NAB Foundation Launches $50 Million Impact Fund with Focus on Housing and Climate
With $25 million already committed, the new Impact Investment Fund aims to deliver both social outcomes and risk-adjusted financial returns, starting with affordable housing.
By
Jeni O'Dowd
Thu, Mar 27, 2025 9:39am
2 min
The NAB Foundation has unveiled a new $50 million Impact Investment Fund (IIF), which targets social and environmental outcomes alongside financial performance. Affordable housing is among its top priorities.
Launched at the Asia Pacific Impact Investment Summit in Sydney on Wednesday, the fund has already allocated $25 million of its capital, with $10 million deployed and a further $25 million expected by October 2026.
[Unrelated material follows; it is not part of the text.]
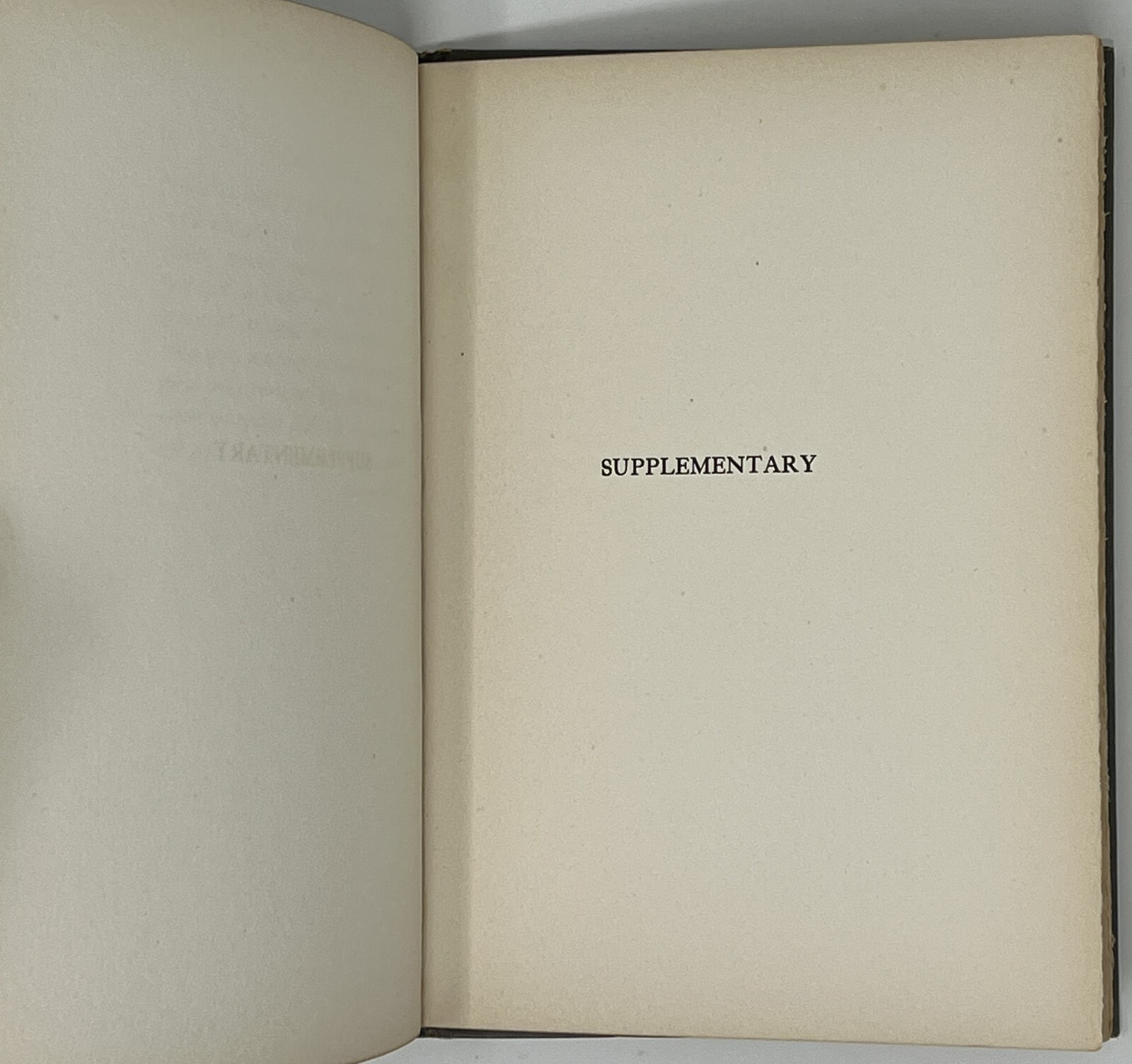 SIGNED: Ball&rsquo;s Bluff A Monograph by Charles L. Peirson – 1913 HC The Salem Press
Speaking at the launch, NAB Group Executive and JBWere Chair Cathryn Carver said the fund reflected NAB’s broader ambition to create long-term value for both communities and investors.
“Directing capital to aligned impact investments opens up new ways for the Foundation to create positive and lasting change,” said Carver. “The NAB Foundation is already supporting crucial community initiatives through up to $6 million in grants annually, and this fund adds another layer of strategic impact.”
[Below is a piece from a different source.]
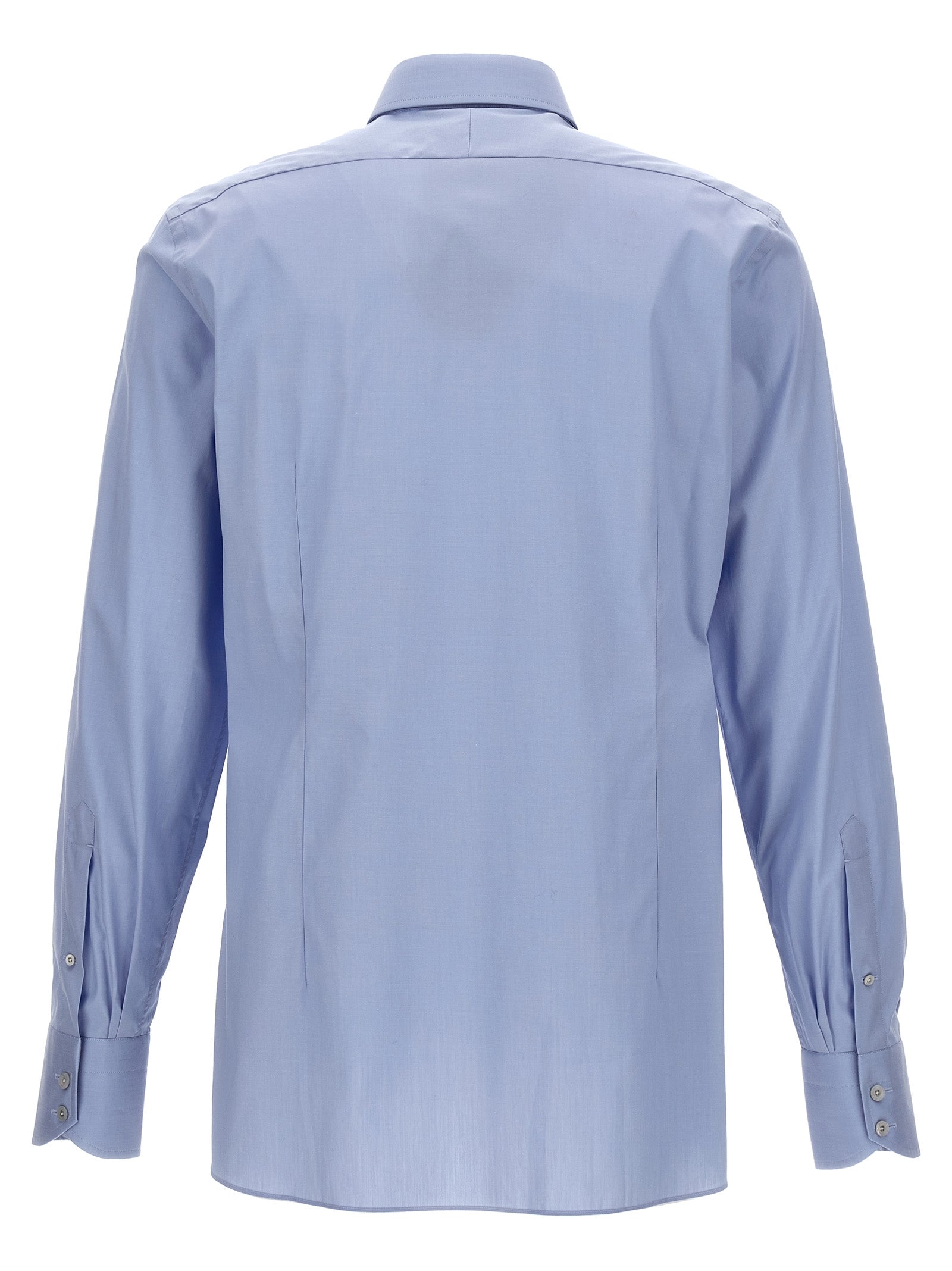 Tom Ford Poplin Cotton Shirt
The fund will be managed by JBWere, NAB’s wealth management arm, and will focus on investments aligned with three key pillars: Indigenous economic advancement, social and affordable housing, and climate transition. The initiative is part of the Foundation’s broader $170 million corpus and marks a deliberate shift into outcomes-driven capital deployment.
JBWere CEO Michael Saadie said the firm is seeing a significant uptick in clients seeking performance with purpose.
“Impact investing is a growing area of focus for those looking to invest effectively for performance and purpose,” said Saadie. “We’re proud to partner with the NAB Foundation, alongside hundreds of other purpose-driven clients.”
To oversee the fund’s governance, a specialist Investment Committee has been formed, chaired by Ben Smith, Head of Impact Investing at the Paul Ramsay Foundation. Smith said the committee is especially encouraged by NAB’s appetite to invest across the risk-return spectrum to unlock high-impact opportunities.
“The Committee is excited by the potential of the Fund, especially with NAB Foundation’s willingness to invest across the risk/return spectrum to generate high impact return,” he said.
The committee will work closely with JBWere to identify and vet investment opportunities, provide due diligence, and ensure accountability in impact measurement — a crucial step as Australia’s impact investing market matures.
The move comes as investors increasingly look to align portfolios with environmental and social outcomes, especially in sectors like housing, where demand far exceeds supply. NAB’s entry into this space via the Foundation is being seen as both a strategic capital allocation and a signal of institutional leadership.
With this fund, NAB joins a growing list of financial institutions leveraging balance sheets and philanthropic capital to accelerate solutions to some of the country’s most urgent challenges — from housing affordability to climate resilience.